Can DNAprefix or DNAdelta be simplified?

Exercise 336. Design sexp=?, a function that determines whether two S-exprs are equal. For convenience, we recall the data definition here though in a condensed form:
; An S-expr (S-expression) is one of:
;  Atom
;  [List-of S-expr]
; An Atom is one of:
;  Number
;  String
;  Symbol

Whenever you use check-expect, it uses a function like sexp=? to check whether the two arbitrary values are equal. If not, the check fails and check-expect reports it as such.

Exercise 337. Re-read exercise 289. Explain the reasoning behind our hint to think of the given expression as an atomic value at first.

27 Summary

This fourth part of the book is about the design of functions that process data whose description requires many intertwined definitions. These forms of data show up everywhere in the real world, from your computer’s local file system to the world wide web and geometric shapes used in animated movies. If you study this part of the book carefully, you know that the design recipe scales to these forms of data, too:
  1. When the description of program data calls for several mutually referential data definitions, the design recipe calls for the simultaneous development of templates, one per data definition. If a data definition A refers to a data definition B, then the template function-for-A refers to function-for-B in the exact same place and manner. Otherwise the design recipes work as before, function for function.

  2. When a function has to process two types of complex data, you need to distinguish three cases.
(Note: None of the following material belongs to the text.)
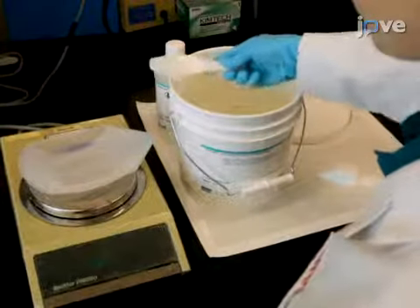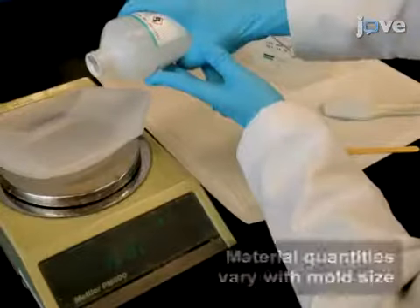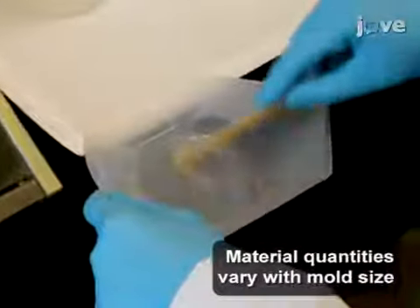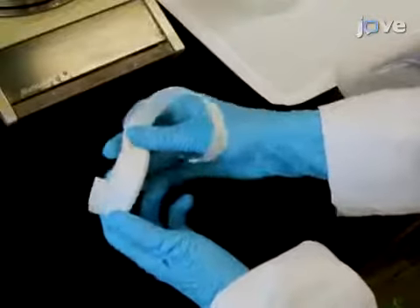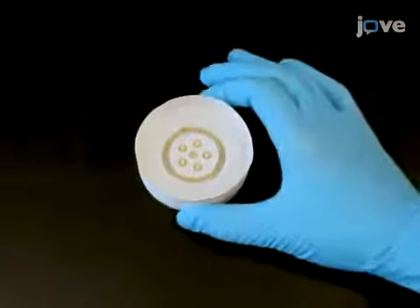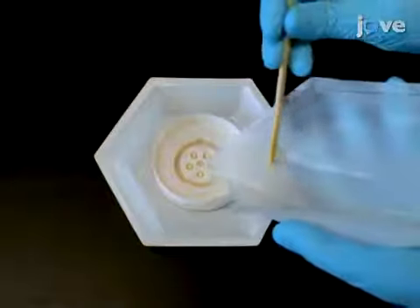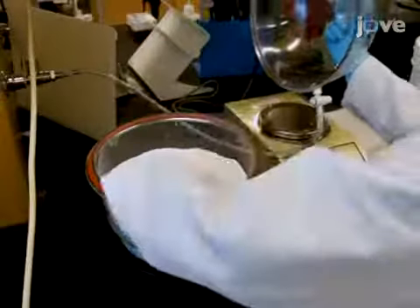Next, measure 25 grams of PDMS base in a disposable weighboat. Add curing agent in a 1 to 10 ratio by weight and stir vigorously until the base and curing agent are thoroughly mixed. Then, fix laboratory tape around the sides of the mold to form a wall about 1 cm high around the face with the printed wells. Ensure that there are no gaps in the tape wall. Pour the PDMS mixture into the 3D printed mold. De-gas the PDMS in a vacuum chamber for 30 to 60 minutes or until no bubbles remain.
First, the function may deal with one of the arguments as it were atomic. Second, the two arguments are expected to have the exact same structure, and the function traverses them in a completely parallel manner. Third, the function may have to deal with all possible combinations separately. In this case, you make a two-dimensional table that along one dimension enumerates all kinds of data from one data definition and along the other one deals with the second kind of data. Finally you use the table’s cells to formulate conditions and answers for the various cases.

    This part of the book deals with functions on two complex arguments. If you ever encounter one of those rare cases where a function receives three complex pieces of data, you know you need (to imagine) a three-dimensional table.

With this fourth part of the book, you have seen all forms of structural data that you are likely to encounter over the course of your career. The actual forms you will have to work with may differ in detail but the design recipe will always apply.